** SOURCE DATA follows **

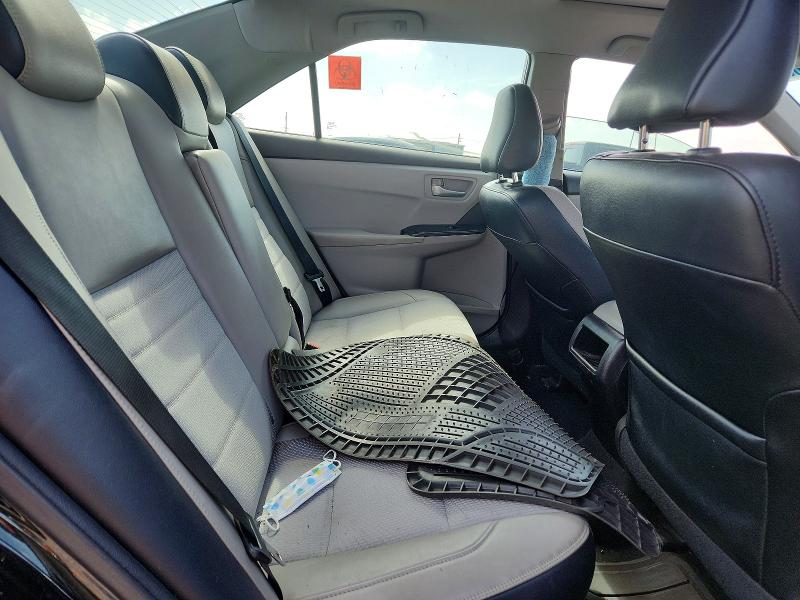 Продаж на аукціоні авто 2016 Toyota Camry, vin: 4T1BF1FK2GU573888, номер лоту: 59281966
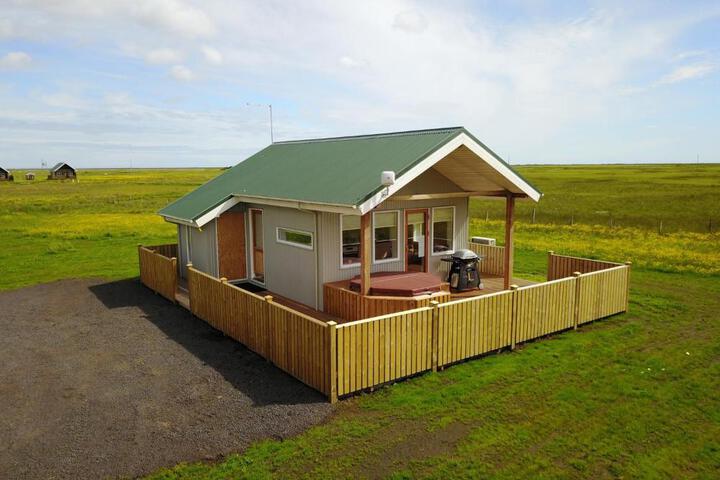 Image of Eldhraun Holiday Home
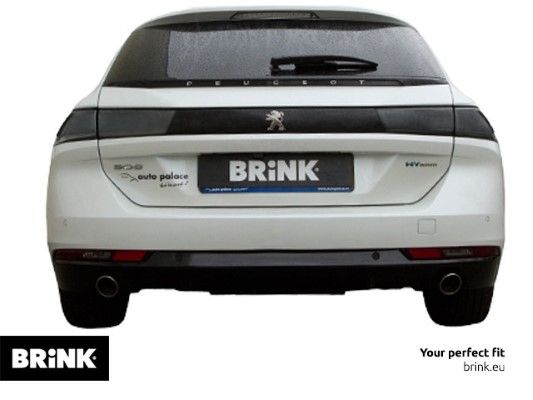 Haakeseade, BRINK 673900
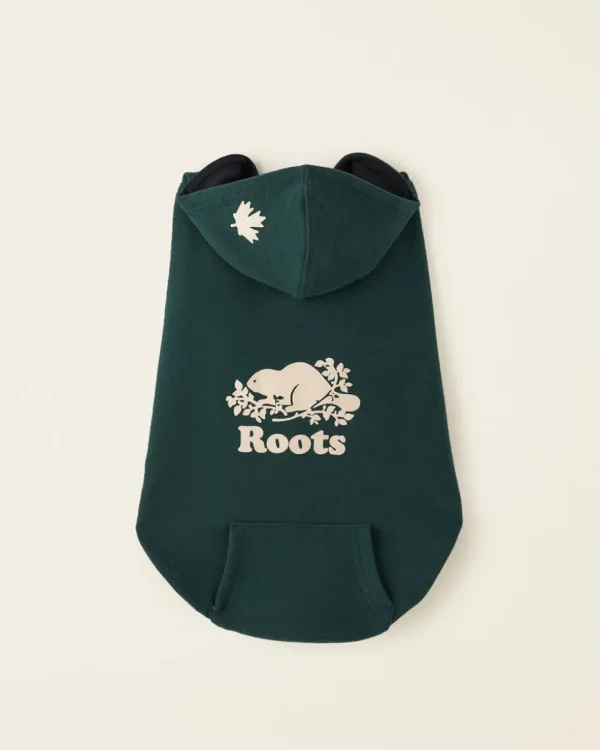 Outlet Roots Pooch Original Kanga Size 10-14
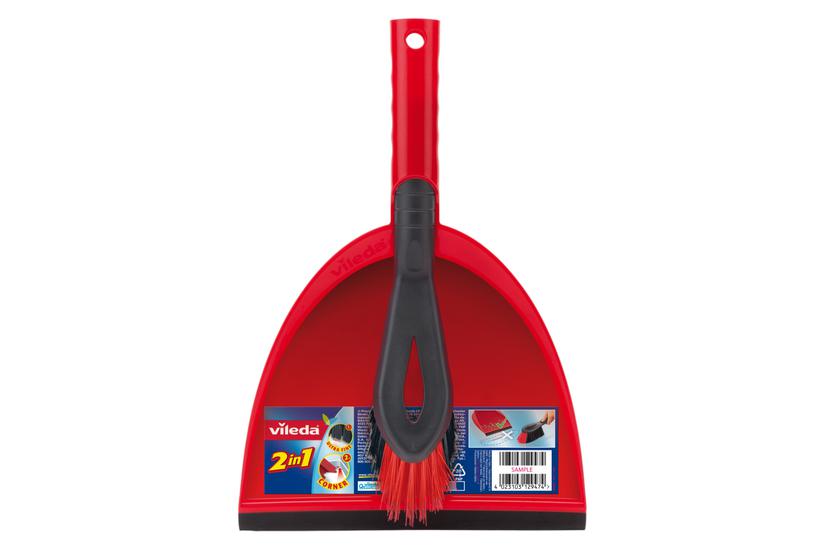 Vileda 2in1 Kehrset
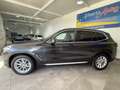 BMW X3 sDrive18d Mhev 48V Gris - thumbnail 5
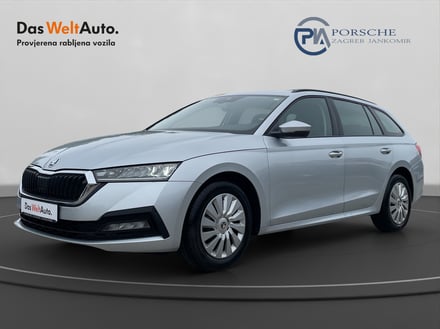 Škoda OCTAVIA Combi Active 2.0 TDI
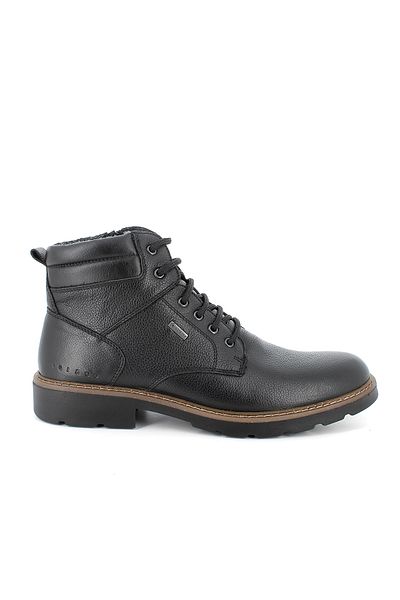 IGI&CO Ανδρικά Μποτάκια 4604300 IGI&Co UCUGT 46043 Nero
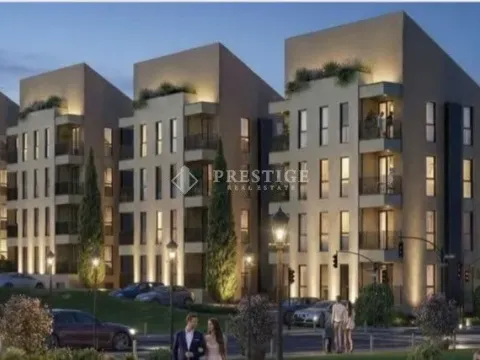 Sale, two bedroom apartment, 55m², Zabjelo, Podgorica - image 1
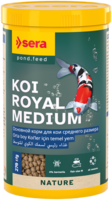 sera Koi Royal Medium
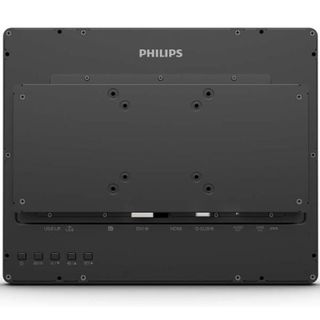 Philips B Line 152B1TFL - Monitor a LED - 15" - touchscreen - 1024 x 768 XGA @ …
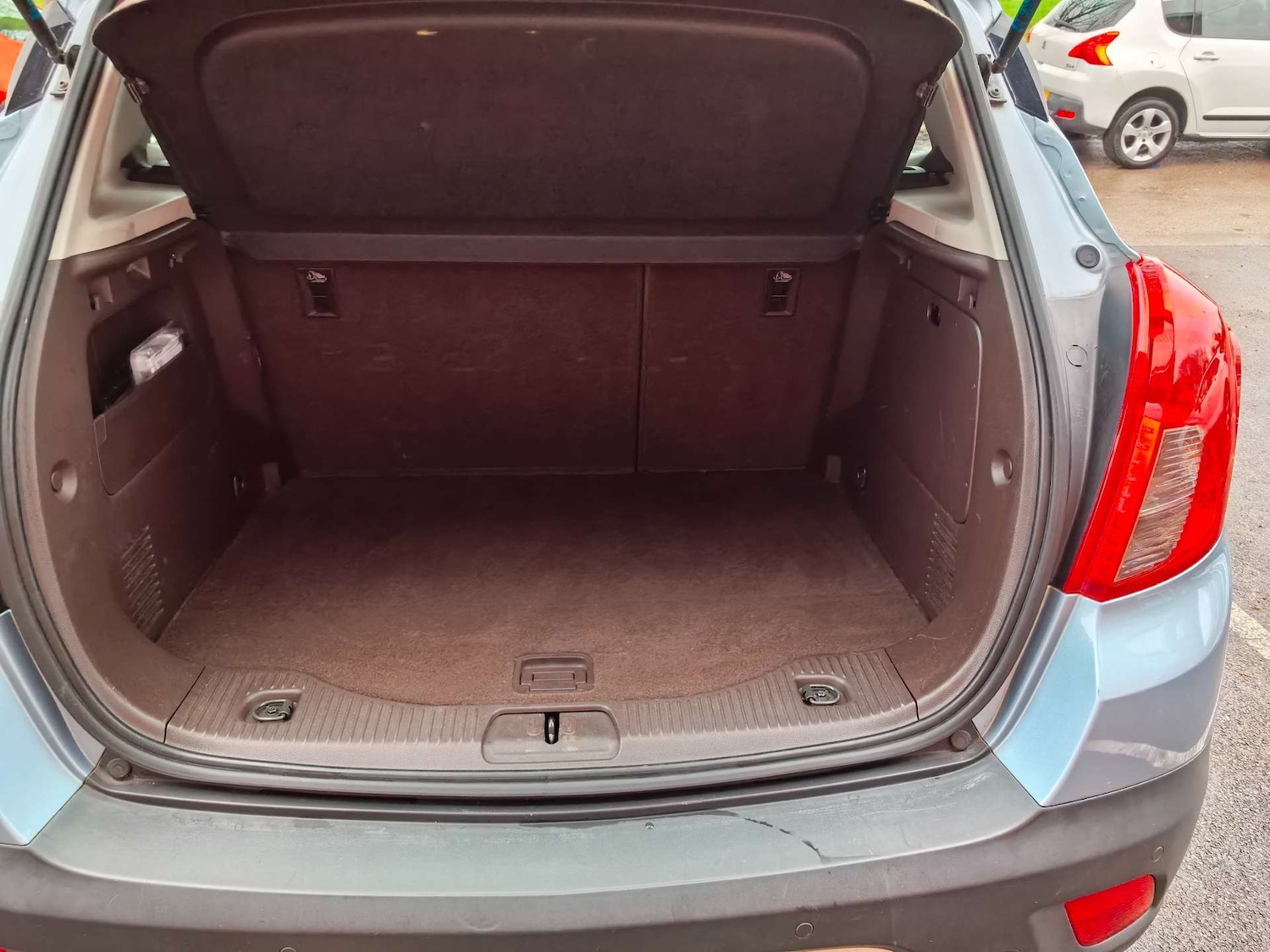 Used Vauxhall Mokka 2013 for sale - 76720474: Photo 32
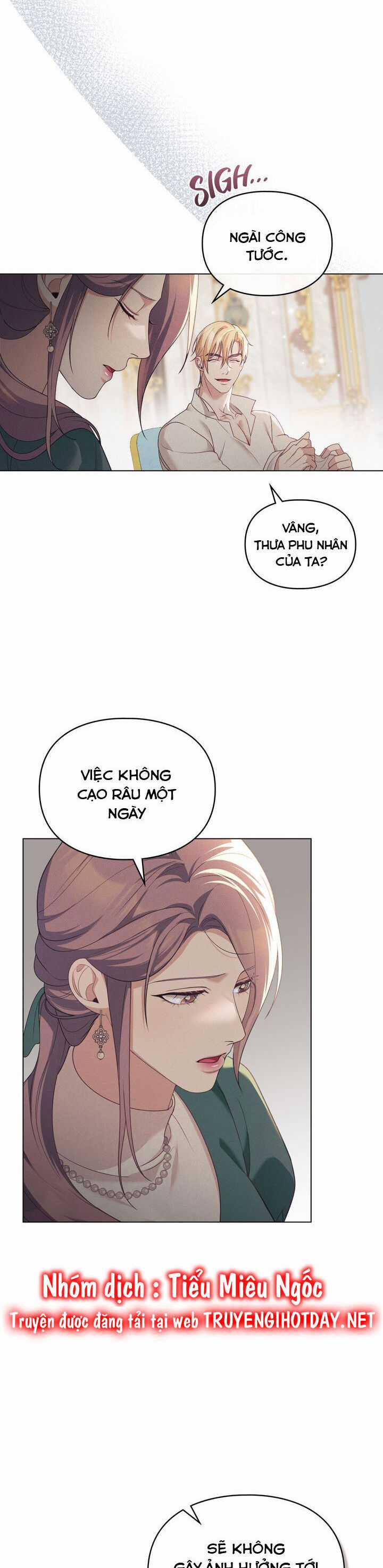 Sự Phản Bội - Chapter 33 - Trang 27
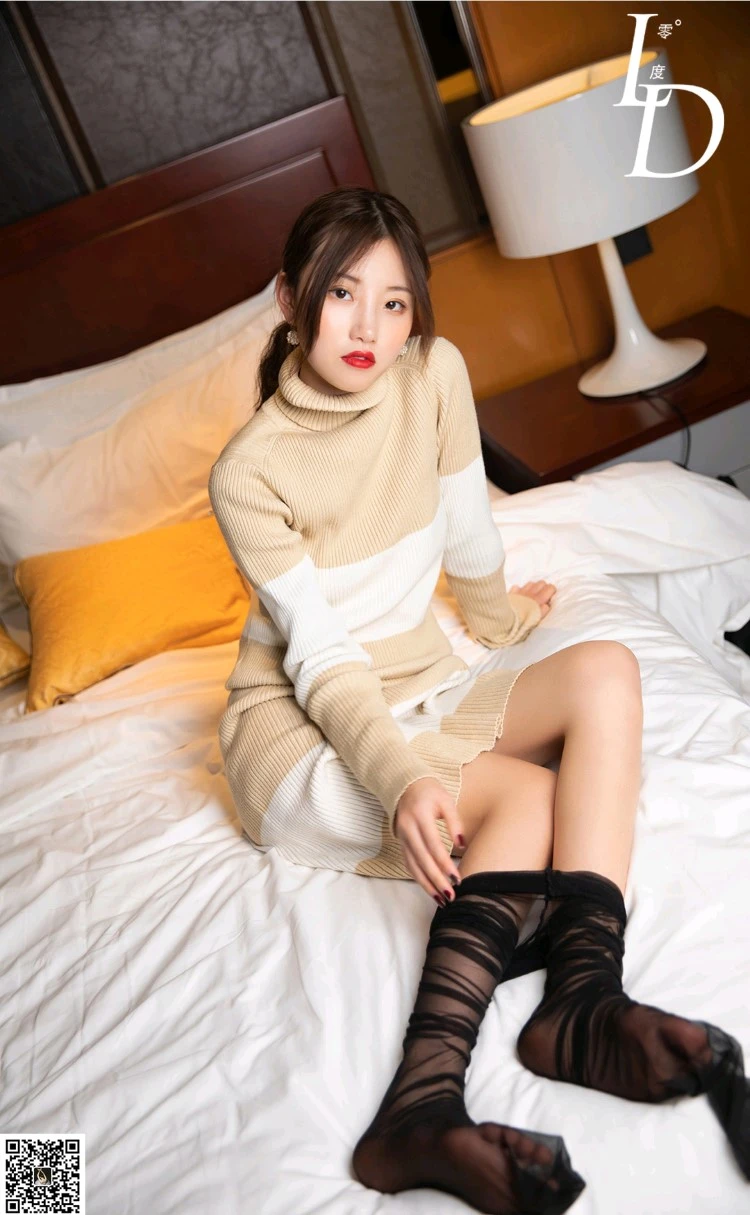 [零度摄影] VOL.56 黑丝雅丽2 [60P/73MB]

** End of SOURCE DATA **

**EXERCISE REQUIREMENTS**:
Find the line containing "Sale, two bedroom" in the records above and restate it, and each line after it through the end, word for word, dropping the pictures.

**RESPONSE TO THE TASK**:
 Sale, two bedroom apartment, 55m², Zabjelo, Podgorica - image 1
 sera Koi Royal Medium
 Philips B Line 152B1TFL - Monitor a LED - 15" - touchscreen - 1024 x 768 XGA @ …
 Used Vauxhall Mokka 2013 for sale - 76720474: Photo 32
 Sự Phản Bội - Chapter 33 - Trang 27
 [零度摄影] VOL.56 黑丝雅丽2 [60P/73MB]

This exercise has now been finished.